What is Charitable Donation?
Charity begins at home goes a popular saying. Some organizations or people might be involved in charitable activities like helping out people and working as volunteers. There are others who might not have the time or resources to indulge in these activities. They might help out people by making a donation or gift of money to those in need. These donations are usually referred as charitable donations.
There are a large number of Non-Government organizations that run mainly on the back of such donations by philanthropists and trusts
founded by organizations. They function by collecting such money and then utilizing them for projects to help out the needy and the underprivileged. The government in a bid to increase such donations made them tax free. The government would not collect any tax on these gifts given to Non-governmental organizations.
Federal Law on such donations
Federal laws have been passed by the Canadian Government to make charitable donations tax-free. The details of such donations must be provided at the time of filing of T1 forms. The income tax
guide provides the various rules and regulations when applying for such tax deductions. It states that the maximum amount that maybe provided tax-free is 75 per cent of the net income. The same rule applies for both organizations as well as individuals.
There is also a provision for unused quota from previous years being carried forward for the next five financial years as well.
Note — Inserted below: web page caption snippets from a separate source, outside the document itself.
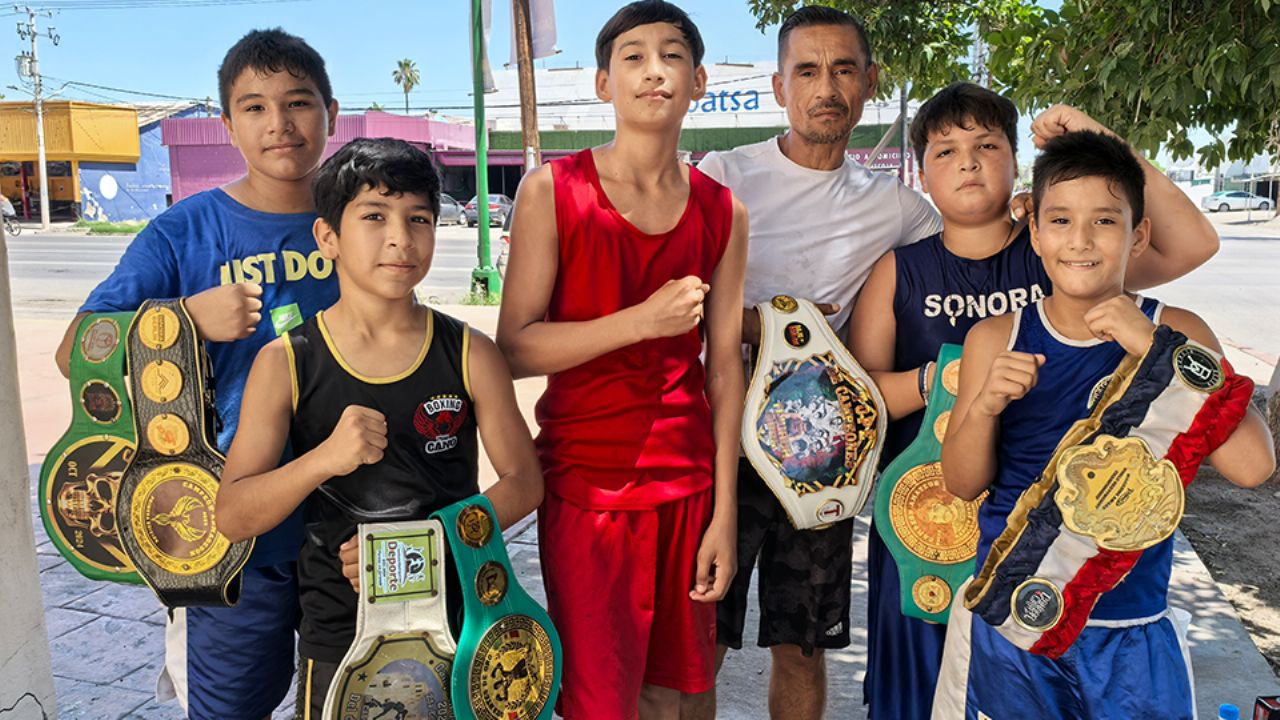 Hora de APOYAR: Niños boxeadores botean en cruceros de Ciudad Obregón para poder competir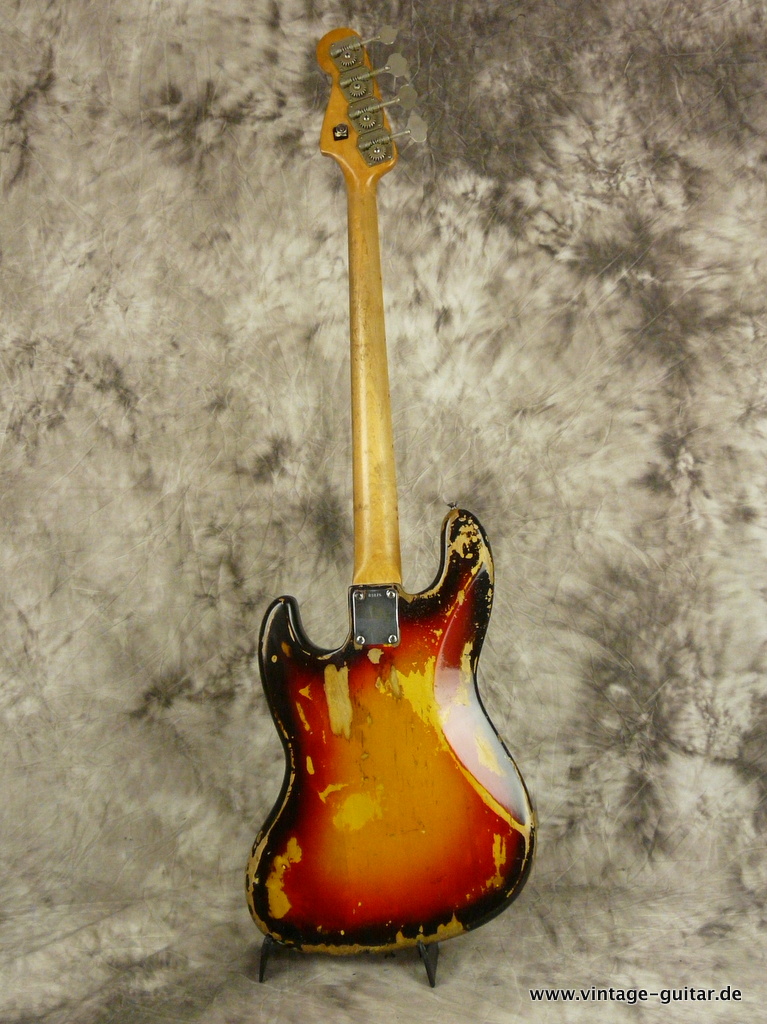 Fender_Jazzbass_1962_sunburst-002.JPG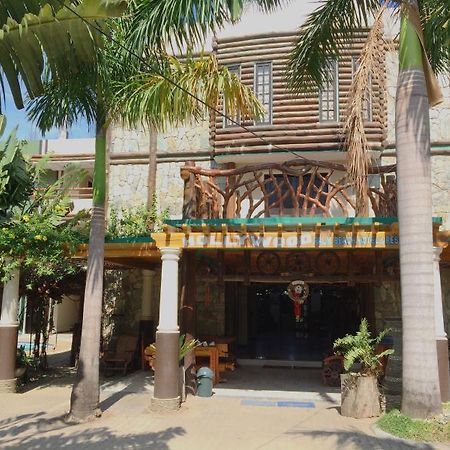 White Beach Resort Bar & Restaurant Puerto Galera Esterno foto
The rule however is modified in the case of the death of the tax payer when even 100 per cent of the net income may be used up for making charitable donations and still remain tax-free. This provision is also valid for the next financial year after the taxpayer’s death. The organizations to which charitable donations can be made to be tax deductable are registered charities, Canadian amateur athletic associations, United Nations and its agencies and housing corporations inside Canada. The organizations when amalgamated or merged with other organizations will transfer their tax deduction limit to the new owner.
Misuse of Tax Deduction
The government is however very strict on the misuse of such deductions by attempting fraud by manipulating the real profit or loss figures. The federal government takes severe penal actions on any dealings of fraud using this method. The validity of the charitable organization to which a payment
has been made is also verified. This is done in order to ensure that the funds are not siphoned off using dummy upfront charity organizations.
The money siphoned off will then be rerouted so that the money is never tax deducted. This leads to storage of huge funds in underground accounts leading to huge losses for the government. The company may use these donations to mask the real loss being made by the organization. There are methods by which the money can be siphoned off by the top management of the organization from the stakeholders. The donation made to a non secure organization is not eligible for deduction. Tax deduction for charitable donations is a boon for the needy and underprivileged and should not be misused.